§ **WHAT TO WORK ON**
Starting from the line containing "Trendy Thin Icons", give again every line through the end of the entries, word for word. Pictures stay out of the copy.

┄┄┄┄┄┄┄┄┄┄┄┄┄┄┄┄┄┄┄┄

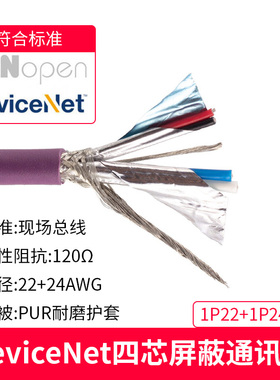 永定Canopen通讯电缆DeviceNet通讯屏蔽Canopen通信线PUR总线CAN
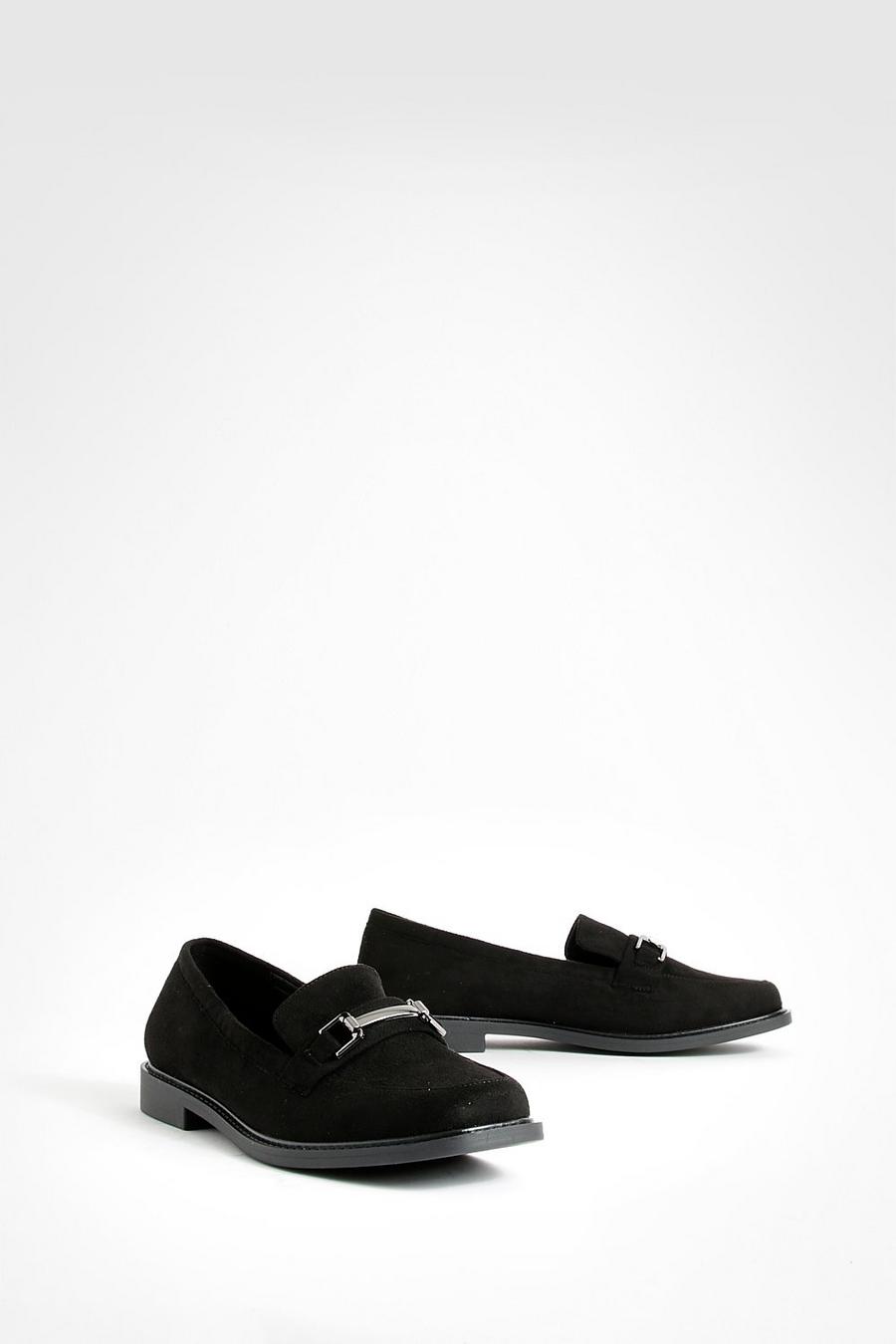 Black Wide Width T Bar Square Toe Loafers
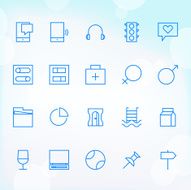 Trendy Thin Icons for web and mobile Set 13 N2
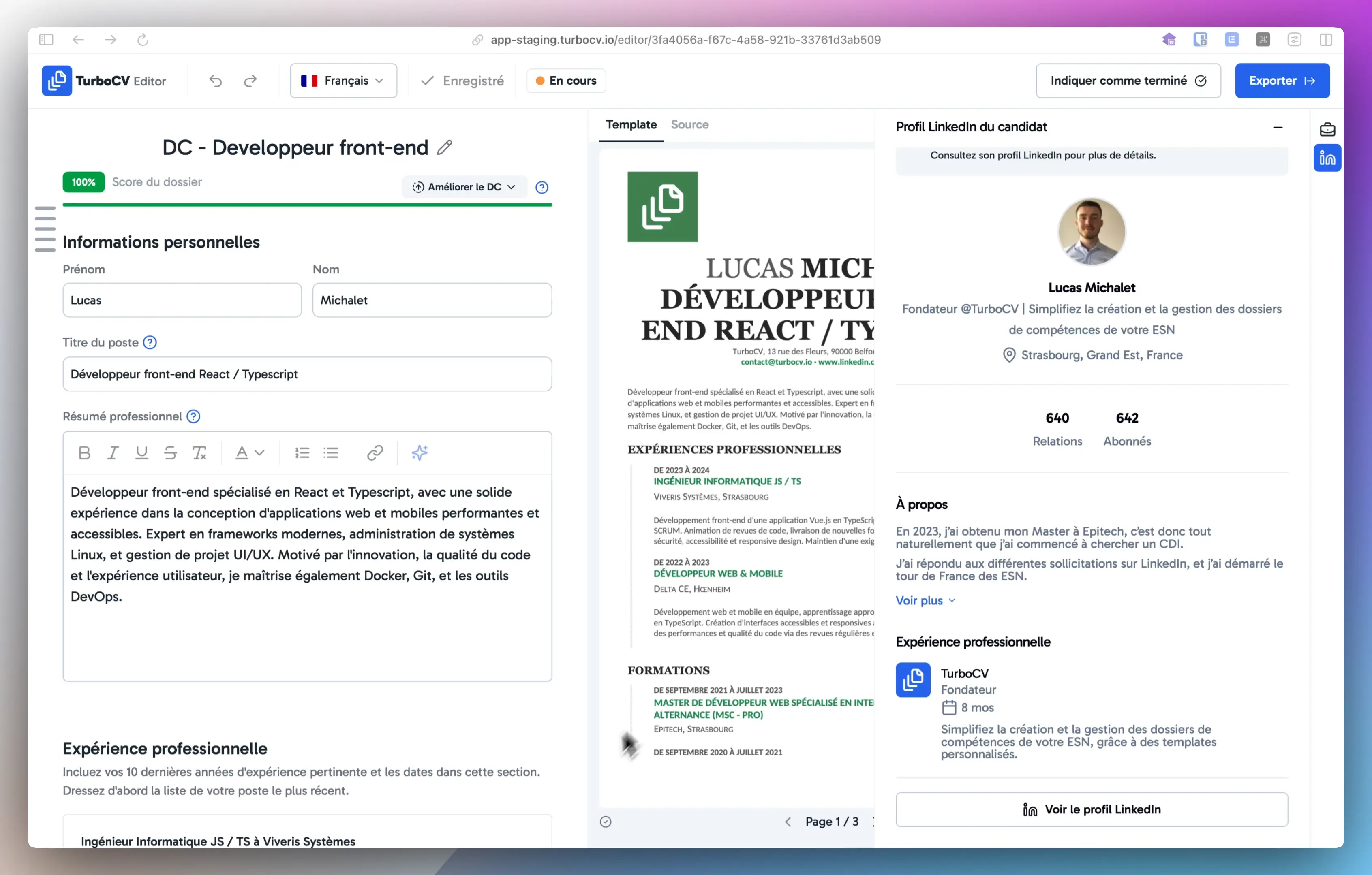 Import automatique des candidats via LinkedIn preview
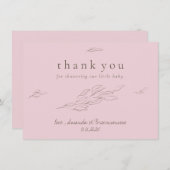 Light Pink Vielen Dank HandGezeichnet Blätter eleg Dankeskarte (Vorne/Hinten)
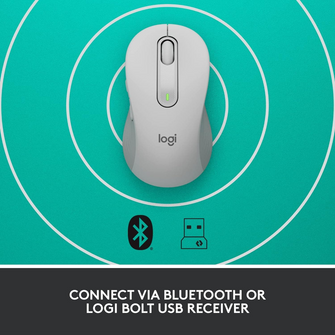 Logitech Signature M650 Wireless Mouse - For Small to Medium Sized Hands, 2-Year Battery, Silent Clicks, Customisable Side Buttons, Bluetooth, for PC/Mac/Multi-Device/Chromebook - Offwhite - 6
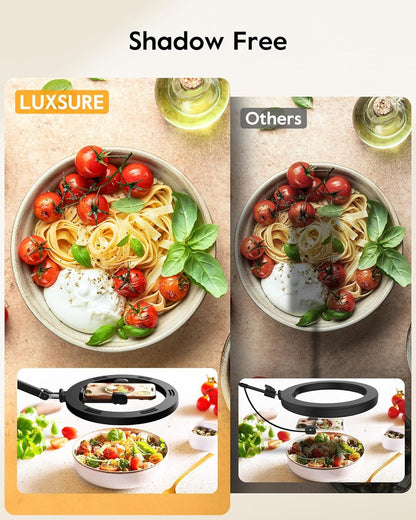 LUXSURE 10" Overhead Ring Light for Desk with Weighted Base, Freestanding Telescopic Phone Mount, Phone Stand with Light & Remote for Video Recording, Cooking, Crafts, Live Streaming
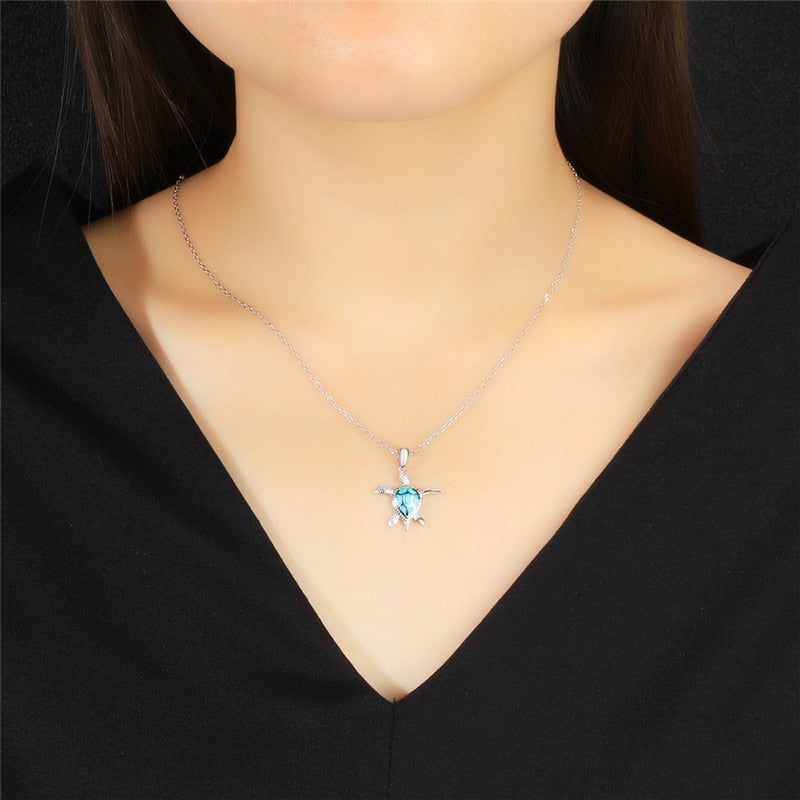 925 Sterling Silver Blue Opal Crystal Sea Turtle Pendant Necklace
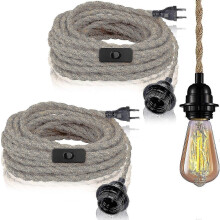 Set van 2 hanglampen van henneptouw met schakelaar, 4,5 m kabel, E27 fitting, geschikt voor keuken,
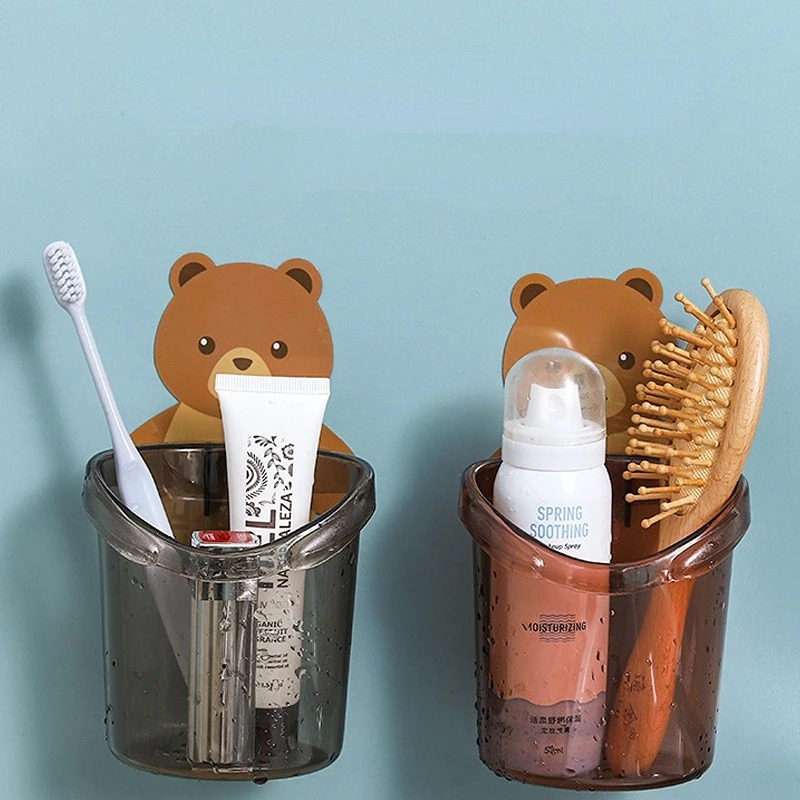 

1pc Cute Bear Toothbrush Cup, Portable Toothpaste Storage Rack, Plastic Toothbrush Holder, Space Saving Organizer For Bathroom, Home, Bedroom, Dorm, Back To College Essential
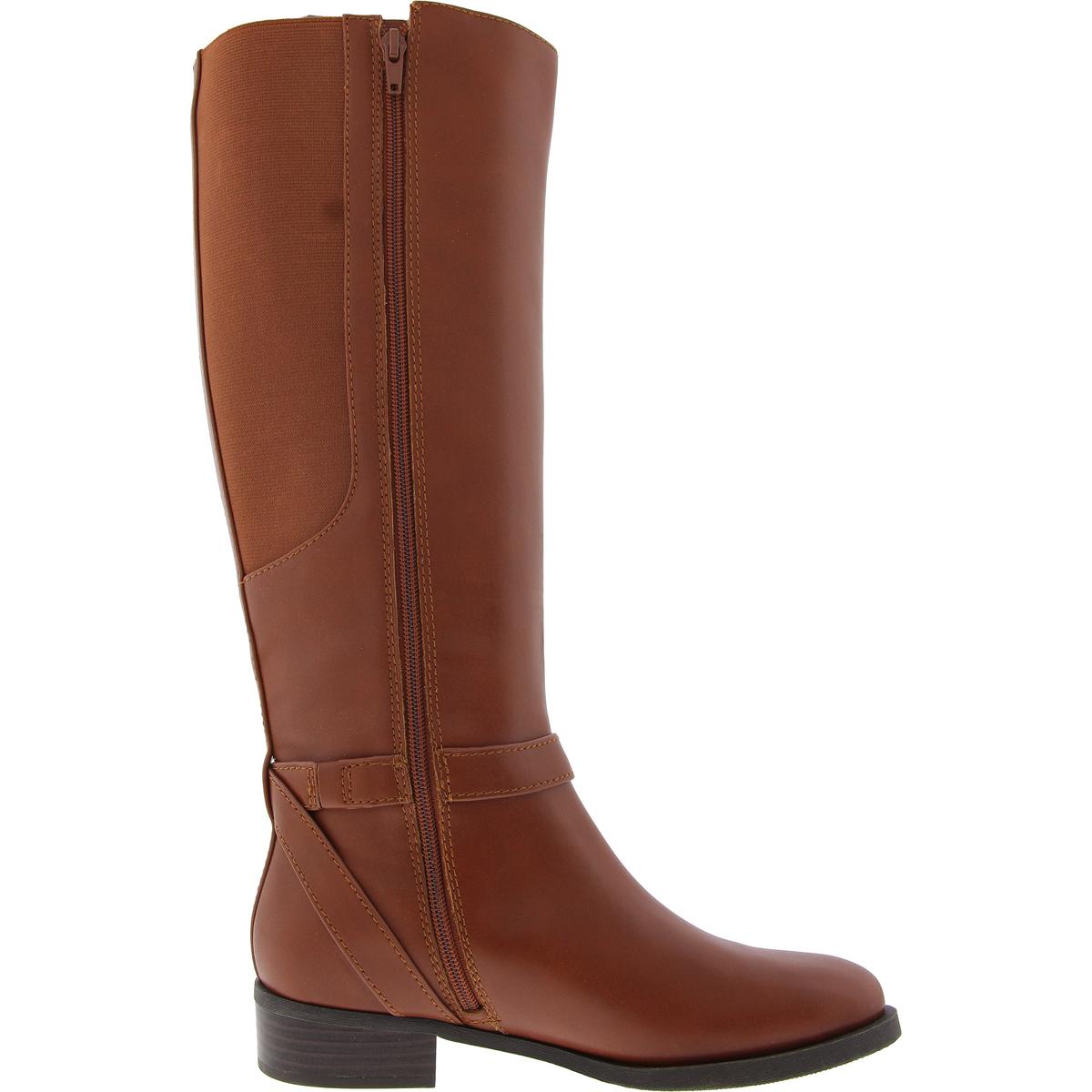 Samey Womens Zipper Faux Leather Knee-High Boots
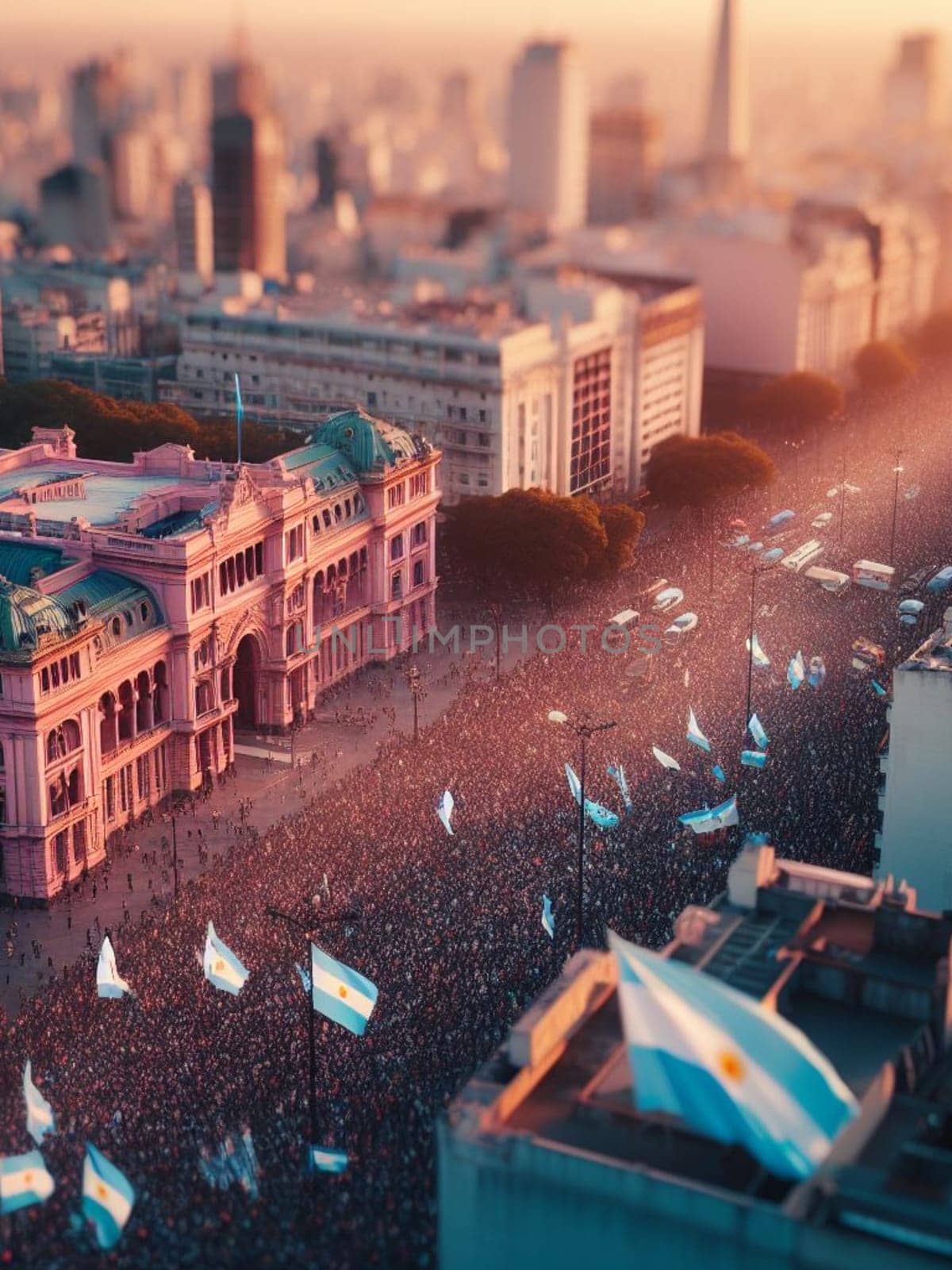 gigantic crowd thousands of people manifesting in buenos aires argentina for event celebration or social issues generative ai art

┄┄┄┄┄┄┄┄┄┄┄┄┄┄┄┄┄┄┄┄

§ **REPLY**
 Trendy Thin Icons for web and mobile Set 13 N2
 Import automatique des candidats via LinkedIn preview
 Light Pink Vielen Dank HandGezeichnet Blätter eleg Dankeskarte (Vorne/Hinten)
 Logitech Signature M650 Wireless Mouse - For Small to Medium Sized Hands, 2-Year Battery, Silent Clicks, Customisable Side Buttons, Bluetooth, for PC/Mac/Multi-Device/Chromebook - Offwhite - 6
 LUXSURE 10" Overhead Ring Light for Desk with Weighted Base, Freestanding Telescopic Phone Mount, Phone Stand with Light & Remote for Video Recording, Cooking, Crafts, Live Streaming
 925 Sterling Silver Blue Opal Crystal Sea Turtle Pendant Necklace
 Set van 2 hanglampen van henneptouw met schakelaar, 4,5 m kabel, E27 fitting, geschikt voor keuken,

1pc Cute Bear Toothbrush Cup, Portable Toothpaste Storage Rack, Plastic Toothbrush Holder, Space Saving Organizer For Bathroom, Home, Bedroom, Dorm, Back To College Essential
 Samey Womens Zipper Faux Leather Knee-High Boots
 gigantic crowd thousands of people manifesting in buenos aires argentina for event celebration or social issues generative ai art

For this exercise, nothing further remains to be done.